And yes, I know that. I mentioned that I was unable to make up my mind to even try to convert it because I was in a very sorry state when I wrote that post. Won't happen again, cool :)
>
> The areas of memory accessible to a program can be marked in tables that the OS maintains and the hardware consults to be either read/write, or read-only (or maybe it is called execute-only). The boundaries of the various segments almost always are round numbers in hex, so a transition from read/write to read-only at 0x70000000 makes sense. I don't know enough about how memory is laid out in a TNS/E native process to know what the area just before the code segment is, but the evidence here is that it holds the local stack frames of the call stack. I do remember reading that something grows from high addresses towards the low addresses, and that might have been the local call stack . I think the heap grows from the low address in that same segment toward high addresses. Or maybe the heap is at the high end and the call stack at the low end.
> >
Hmm, that makes me think that my previous notion of "some addressess are predefined to have code and others variable information" is wrong. May be it is decided at run time - it doesn't really matter at this point. May be my trustable resource suggested that because he found that the value 0x70000000 in the bt stack trace for frame 8. Looks more likely and if so, he has a sharp eye!

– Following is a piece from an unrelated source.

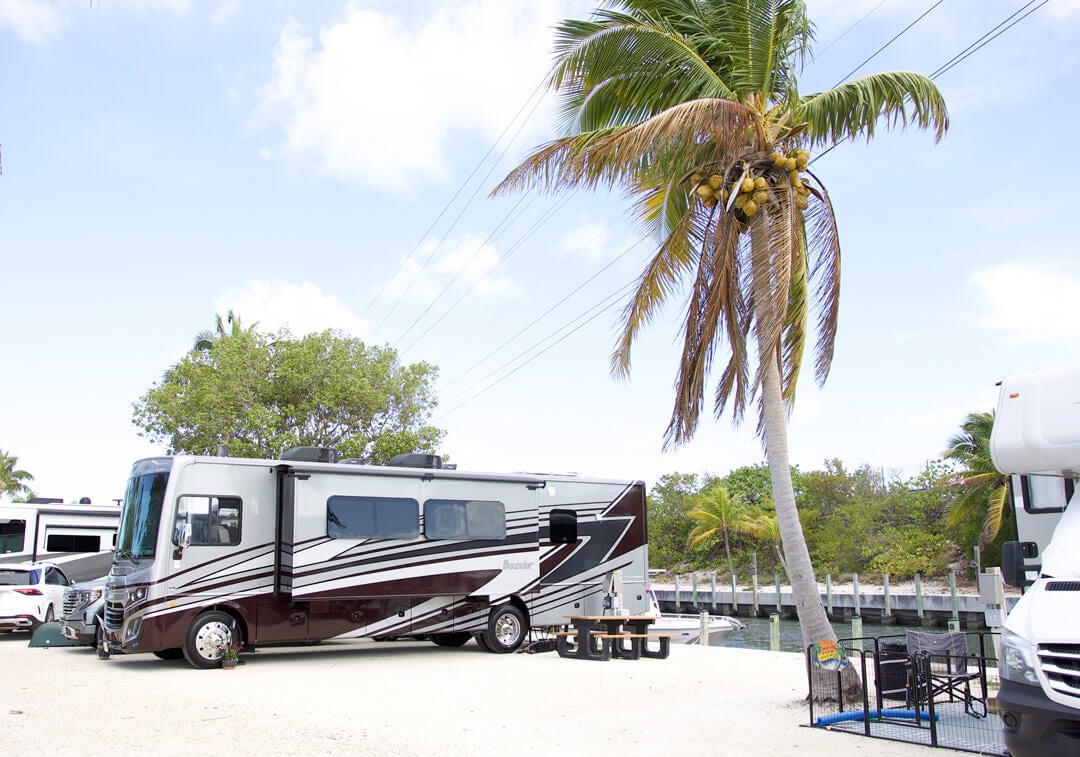 Guests RV parked on waterfront RV site at Big Pine Key RV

At times experience gives you things that hardwork and dedication can't even think about! Ha, and deserved too.
> > So as I is 688, you see that nearly 700 bytes of data had been overwritten to 0x30, and after that it had failed. Hence 688 is justifiable.

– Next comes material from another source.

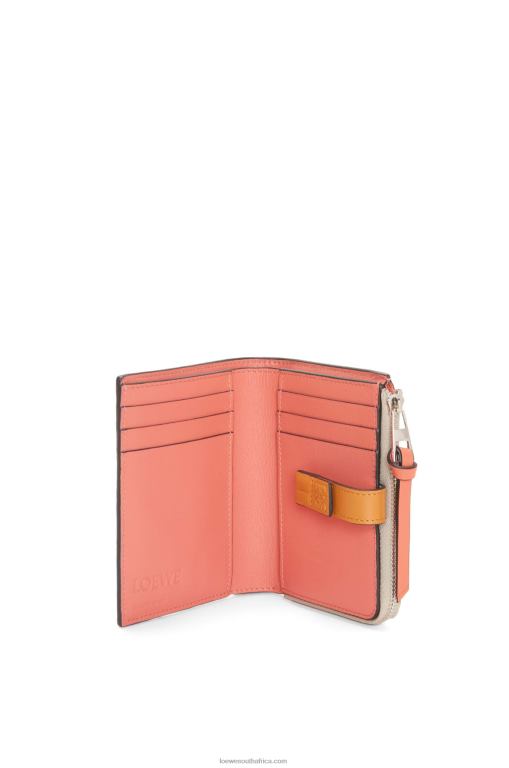 Loewe Women Slim zip bifold wallet in soft grained calfskin 206XF1220 Light Oat/Honey - Image 2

Okie, I don't get from the below that it is 688 bytes that have been over written. How do you convert this address details with values in them, to bytes. I tried my math but it's not working.
> >
> > Here's a sample:
> >
> > (einspect 1,94): an 0x6ffffd08 700
> > 0x6ffffd08: ...... .0.. . ...... .0.. .
> > 0x6ffffd18: ...... .0.. . ...... .8....
> > 0x6ffffd28: ...... ...... ...... ......
> > 0x6ffffd38: ...... ...... .2273. .0. 0.
> > 0x6ffffd48: ./,.C. .o..E. .0000. .0000.
> > 0x6ffffd58: .0000. .0000. .0000. .0000.
> > 0x6ffffd68: .0000. .0000. .0000. .0000.
> > 0x6ffffd78: .0000. .0000. .0000. .0000.
> > 0x6ffffd88: .0000. .0000. .0000. .0000.
> > -----------x clipped a lot of zeroes x-----------
> > 0x6ffffff8: .0000. .0000. Warning: cannot access memory at address 0x70000000.
If this last line says that of the four separations here first one is 0x6ffffff8 and the next one is 0x6ffffff9 and the next one where the error occurs is 0x70000000. And it matches too. But if you continue on, the fourth seperation would have been 0x70000008 from the left corner series of address naming convention - but not so true with the addition of address places that we do for the values stored in the right side columns. I know very well that I'm not using the right words or even explaining my understanding correctly, but I don't think I can try any better. That's as far as I understand.
> >
> > That explains it all. But still doesn't give us enough information to understand why such a situation occurred in the first place.
>
> Well, it doesn't explain it all, but it does show some things. You did find the long string of zeros that the runaway loop stored. From the beginning of the string of zeros (at 0x6ffffd50 to 0x70000000 is exactly 688 bytes. I see your 22730 value 16 bytes before the beginning of that string of zeros, not immediately before it, as I expected it would be. So maybe the runaway loop started at (or even before) the beginning of reply^string, and the 22730 we see is INPUT. However, the five bypes following 22730 seem to match what your other display shows for my^string, so I think it is likely that my^string is at 0x6ffffd40, and reply^string is at 0x6ffffd50. I think you could confirm that by using
>
> print /x &my^string
> and
> print /x &reply^string
>
Again 'exactly 688 bytes', I don't know how. And I'll try the above when I get back to office next monday. On a little break from work. Hence the delays in my replies :) But I think your deduction is correct.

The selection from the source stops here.